Has the beneficial effects that: part of the reagents in the kit provided by the invention are stored by adopting powder, so that the long-term stability of the reagents is ensured, the sample dosage is small (1-5 mu L), the sample pretreatment is simple, the precision of the detection method is good, the repeatability is good, and the accuracy is high; the sample is detected by the enzyme-labeling method, a plurality of samples can be detected at one time by using a 96-pore plate, a large amount of detection time is saved, the larger the sample measurement amount is, the less the time used by a single sample is, and the miniaturization and the kit-making of precision, rapidness, small samples and high flux are realized more easily. Meanwhile, the method provided by the invention has the advantages of simple and rapid reaction, easiness in automation, small dosage of the sample to be detected, low cost of the reagent, easiness in obtaining and more benefit for popularization.
Drawings
FIG. 1 is a graph of the linear range of a standard curve for lactic acid in an example of the present invention;
FIG. 2 is a standard curve for a stability test over one month in an example of the invention, wherein (a) the lactic acid standard curve after one month; (b) a standard curve for lactic acid after three months; (c) standard curve of lactic acid after eight months.
Detailed Description
The foregoing is a summary of the present invention, and in order to provide a clear understanding of the technical means of the present invention and to be implemented in accordance with the present specification, preferred embodiments of the present invention are described below in detail. Specific embodiments of the present invention are given in detail by the following examples.

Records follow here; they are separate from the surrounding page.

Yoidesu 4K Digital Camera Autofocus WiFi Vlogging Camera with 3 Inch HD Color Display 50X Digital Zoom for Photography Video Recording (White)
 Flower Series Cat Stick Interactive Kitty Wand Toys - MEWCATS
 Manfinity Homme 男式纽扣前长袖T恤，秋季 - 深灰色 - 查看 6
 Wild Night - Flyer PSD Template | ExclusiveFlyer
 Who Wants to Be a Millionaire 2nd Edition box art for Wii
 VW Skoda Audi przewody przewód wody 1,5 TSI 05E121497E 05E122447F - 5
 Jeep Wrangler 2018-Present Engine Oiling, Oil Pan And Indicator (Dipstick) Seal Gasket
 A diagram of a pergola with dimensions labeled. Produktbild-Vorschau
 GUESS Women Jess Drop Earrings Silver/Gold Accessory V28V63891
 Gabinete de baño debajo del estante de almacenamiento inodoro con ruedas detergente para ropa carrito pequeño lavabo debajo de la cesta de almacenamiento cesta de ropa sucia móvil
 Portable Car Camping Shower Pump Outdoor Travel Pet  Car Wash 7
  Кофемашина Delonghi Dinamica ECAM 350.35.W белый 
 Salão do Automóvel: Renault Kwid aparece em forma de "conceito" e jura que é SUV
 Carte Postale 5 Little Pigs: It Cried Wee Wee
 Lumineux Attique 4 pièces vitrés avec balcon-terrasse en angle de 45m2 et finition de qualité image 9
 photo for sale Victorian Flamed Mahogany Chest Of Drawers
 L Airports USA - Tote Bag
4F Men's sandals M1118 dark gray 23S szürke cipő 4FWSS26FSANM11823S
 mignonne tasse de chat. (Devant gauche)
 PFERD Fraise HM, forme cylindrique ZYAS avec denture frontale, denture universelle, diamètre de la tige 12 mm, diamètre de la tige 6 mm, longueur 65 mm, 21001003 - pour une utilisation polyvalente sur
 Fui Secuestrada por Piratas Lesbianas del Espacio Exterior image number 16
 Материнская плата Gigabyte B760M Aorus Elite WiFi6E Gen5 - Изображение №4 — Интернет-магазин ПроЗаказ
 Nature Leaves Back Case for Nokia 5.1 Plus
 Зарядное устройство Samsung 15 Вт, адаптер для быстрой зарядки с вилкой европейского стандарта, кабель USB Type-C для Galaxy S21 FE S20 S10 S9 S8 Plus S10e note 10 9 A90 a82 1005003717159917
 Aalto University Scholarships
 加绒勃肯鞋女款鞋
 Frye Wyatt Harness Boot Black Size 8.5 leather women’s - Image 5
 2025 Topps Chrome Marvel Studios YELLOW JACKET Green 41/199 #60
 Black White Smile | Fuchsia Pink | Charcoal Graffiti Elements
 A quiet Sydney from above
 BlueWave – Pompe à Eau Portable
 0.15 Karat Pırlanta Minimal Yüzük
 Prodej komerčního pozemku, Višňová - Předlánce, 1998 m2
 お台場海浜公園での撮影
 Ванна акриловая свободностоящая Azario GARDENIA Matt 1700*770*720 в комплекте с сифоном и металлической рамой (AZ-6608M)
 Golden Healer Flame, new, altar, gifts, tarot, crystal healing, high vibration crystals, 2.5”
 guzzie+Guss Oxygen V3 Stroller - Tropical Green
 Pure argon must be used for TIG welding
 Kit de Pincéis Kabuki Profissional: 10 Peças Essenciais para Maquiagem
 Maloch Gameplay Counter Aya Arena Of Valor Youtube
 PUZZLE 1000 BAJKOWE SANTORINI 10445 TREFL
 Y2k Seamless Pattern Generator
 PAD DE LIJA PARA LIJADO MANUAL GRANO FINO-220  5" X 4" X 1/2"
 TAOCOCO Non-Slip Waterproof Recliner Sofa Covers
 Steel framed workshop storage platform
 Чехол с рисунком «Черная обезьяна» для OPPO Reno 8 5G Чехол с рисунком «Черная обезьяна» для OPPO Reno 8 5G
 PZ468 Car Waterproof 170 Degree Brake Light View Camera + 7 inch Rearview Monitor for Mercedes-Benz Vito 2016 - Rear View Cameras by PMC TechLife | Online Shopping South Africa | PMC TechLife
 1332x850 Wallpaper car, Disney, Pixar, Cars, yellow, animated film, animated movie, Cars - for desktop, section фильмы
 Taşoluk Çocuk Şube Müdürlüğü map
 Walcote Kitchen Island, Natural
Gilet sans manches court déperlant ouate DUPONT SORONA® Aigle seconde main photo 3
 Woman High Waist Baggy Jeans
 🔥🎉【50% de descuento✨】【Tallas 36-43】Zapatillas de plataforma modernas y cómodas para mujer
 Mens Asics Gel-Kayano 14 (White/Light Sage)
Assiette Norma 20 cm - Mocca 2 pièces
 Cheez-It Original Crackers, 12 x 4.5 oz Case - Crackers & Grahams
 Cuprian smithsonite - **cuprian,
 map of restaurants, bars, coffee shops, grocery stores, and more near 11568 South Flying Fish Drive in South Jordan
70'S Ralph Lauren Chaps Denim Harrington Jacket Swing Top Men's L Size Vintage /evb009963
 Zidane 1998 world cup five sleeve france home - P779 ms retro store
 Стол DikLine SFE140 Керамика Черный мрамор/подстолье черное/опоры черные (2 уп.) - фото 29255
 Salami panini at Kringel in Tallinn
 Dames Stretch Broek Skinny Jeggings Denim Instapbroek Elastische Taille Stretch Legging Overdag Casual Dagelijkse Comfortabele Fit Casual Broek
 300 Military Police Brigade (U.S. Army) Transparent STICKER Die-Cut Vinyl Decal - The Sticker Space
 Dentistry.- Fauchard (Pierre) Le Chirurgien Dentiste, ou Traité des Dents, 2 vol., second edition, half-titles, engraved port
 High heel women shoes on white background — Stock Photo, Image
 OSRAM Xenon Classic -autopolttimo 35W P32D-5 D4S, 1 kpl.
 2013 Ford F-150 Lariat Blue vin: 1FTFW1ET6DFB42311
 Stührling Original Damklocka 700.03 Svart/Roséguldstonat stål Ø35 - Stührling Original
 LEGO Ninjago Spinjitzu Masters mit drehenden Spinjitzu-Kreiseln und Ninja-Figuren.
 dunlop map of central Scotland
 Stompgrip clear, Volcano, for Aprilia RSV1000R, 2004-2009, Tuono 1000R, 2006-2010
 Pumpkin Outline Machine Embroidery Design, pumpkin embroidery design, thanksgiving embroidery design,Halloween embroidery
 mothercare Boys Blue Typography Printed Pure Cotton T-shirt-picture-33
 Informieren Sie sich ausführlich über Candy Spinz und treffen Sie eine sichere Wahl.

The embodiment of the invention provides a kit for measuring the content of lactic acid in a biological sample, which consists of a reagent I, a reagent II, a solvent, a lactic acid standard solution, a terminator and a 96-well plate; wherein the content of the first and second substances,
a first reagent: is composed of 23.7 mg Nicotinamide Adenine Dinucleotide (NAD), 10.4 mg Nitrotetrazolium Blue (NBT) and 3.56 mg Phenazine Methosulfate (PMS), powder is stored at-20 ℃ in an X1 bottle;
and a second reagent: consists of 15 mg Lactate Dehydrogenase (LDH), powder is multiplied by 1 bottle and preserved at-20 ℃;
solvent: is composed of a Tris-hydrochloric acid (Tris-HCl) solution with the pH value of 8.8 and a liquid of 100mL multiplied by 1 bottle, and is preserved at the temperature of 4 ℃;
lactic acid standard solution: the concentration of the lactic acid standard solution is 5.56 mmol/L, and the lactic acid standard solution is stored at 4 ℃;
a terminating agent: the liquid is 50 mL x 1 bottles, and the bottles are stored at room temperature;
marking 8 holes of a 96-hole plate as main holes, and respectively adding lactic acid standard solutions with different concentrations; marking other holes as auxiliary holes, and respectively adding the solution to be detected and the other reagents and solvents.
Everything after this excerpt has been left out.